* _Data records_:
──────────

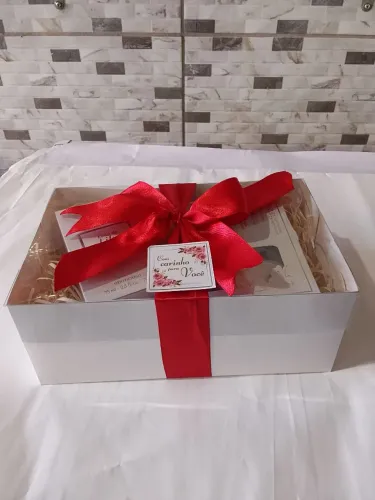 Kit Presente Perfume e sabonete Lily Boticário
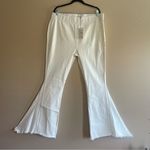 Home Folk white flare jeans, size 2XL Photo 0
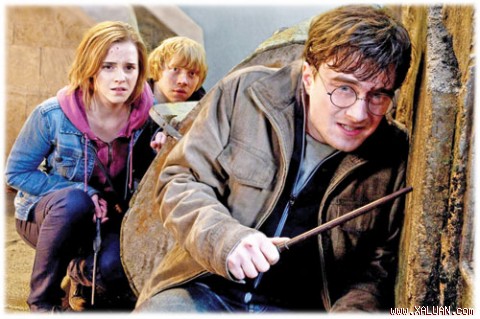 Harry Potter 7 phần 2 do Warner Bros. phát hành khởi chiếu từ 3.2 tại VN - Ảnh: Megastar
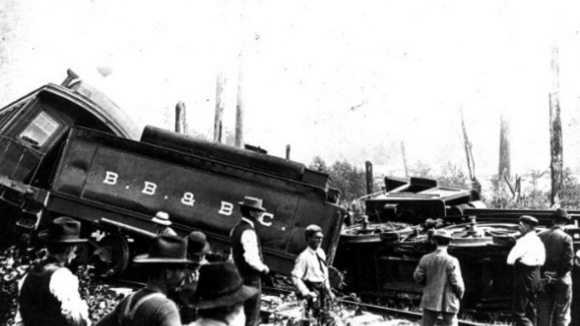 Photo from the movie The Mountain Runners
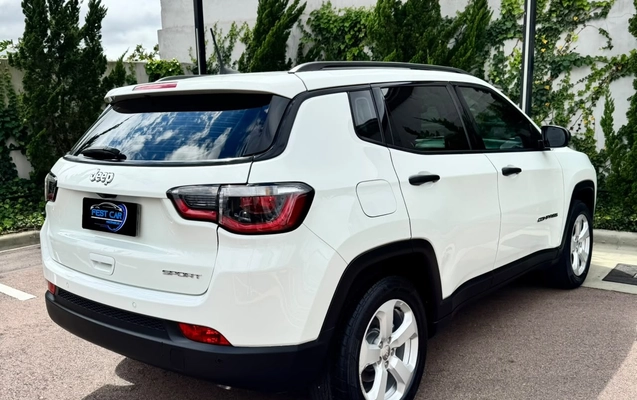 imagem-https://www.socarrao.com.br/sc-vehicle-images-prod/4354629/1792001411534-62af0363-8570-406b-9e04-c4be78669e70.jpg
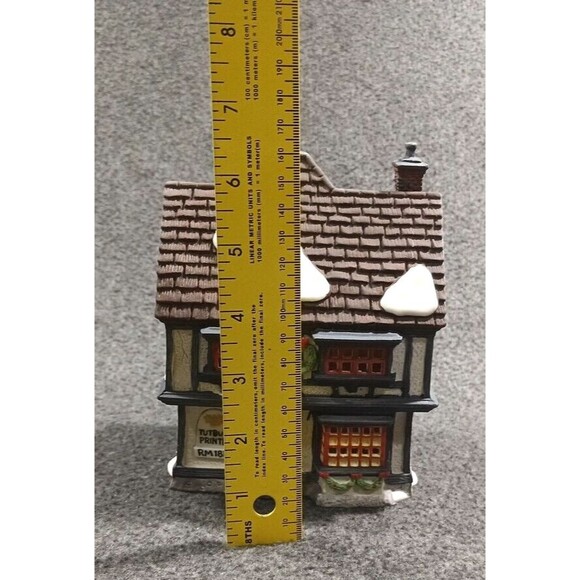 Dept 56 Dickens Village Turbury Printer 5586-9 Retired w/Box & Sleeve - Picture 3 of 15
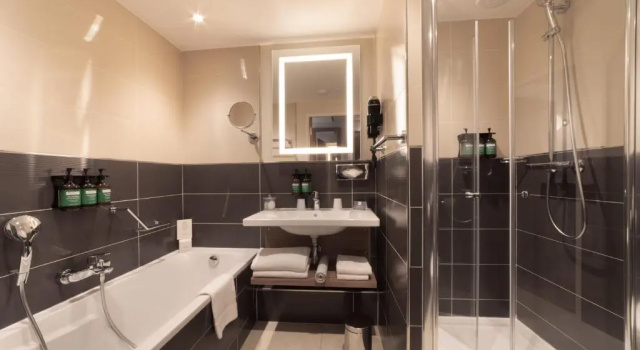 Номер Executive с видом на парк Crowne Plaza Lyon - Cité Internationale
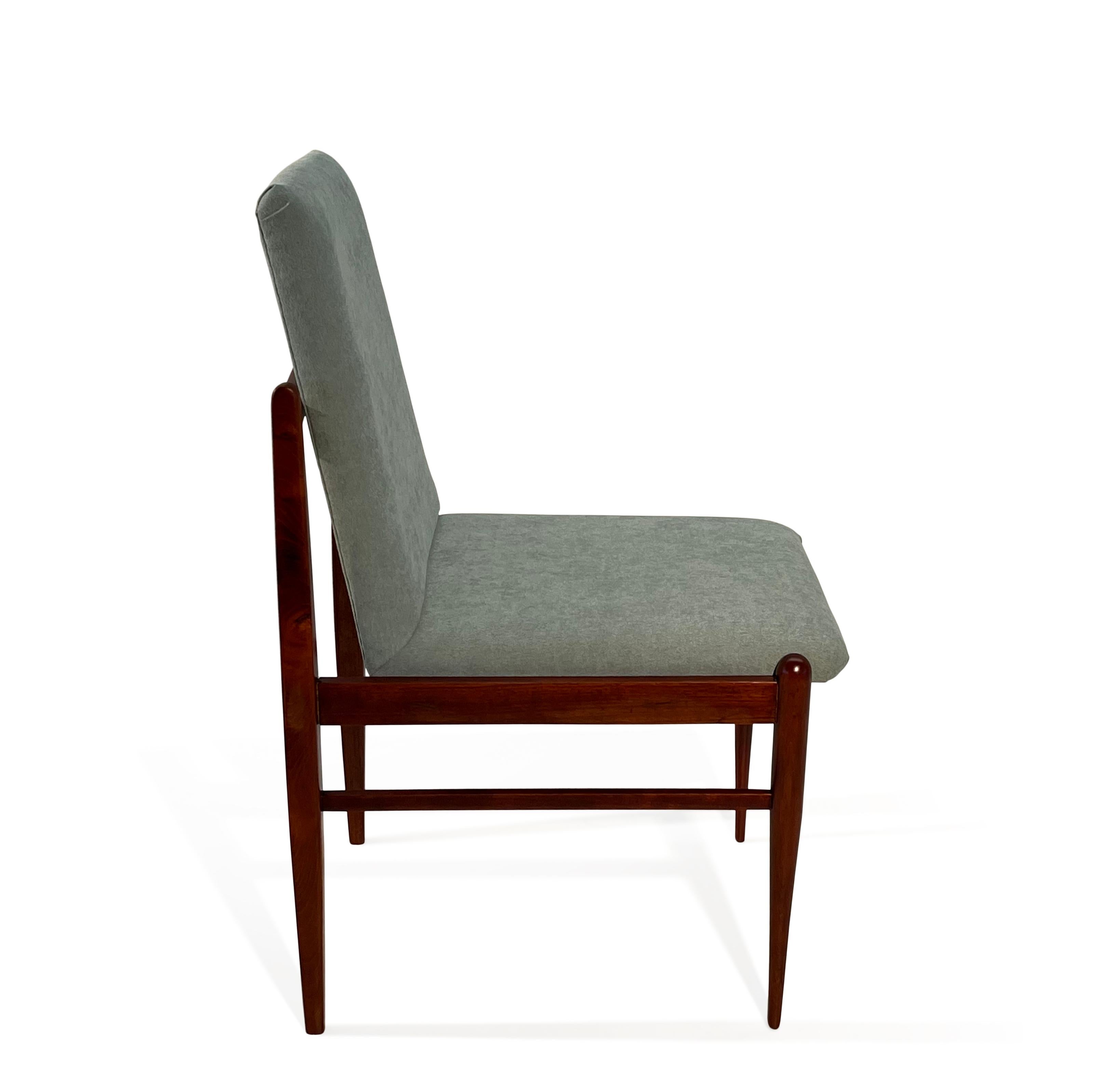 Móveis Cimo, Brasilien - Satz von 4 seltenen Dinner Chairs, 1960er Jahre (Moderne der Mitte des Jahrhunderts) im Angebot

──────────

* _Aim of the task_: Word-for-word restatement: every line from the one with "Dept 56 Dickens" through the final line of the data, both ends included, pictures excluded.

* _Response below_:
 Dept 56 Dickens Village Turbury Printer 5586-9 Retired w/Box & Sleeve - Picture 3 of 15
 Номер Executive с видом на парк Crowne Plaza Lyon - Cité Internationale
 Móveis Cimo, Brasilien - Satz von 4 seltenen Dinner Chairs, 1960er Jahre (Moderne der Mitte des Jahrhunderts) im Angebot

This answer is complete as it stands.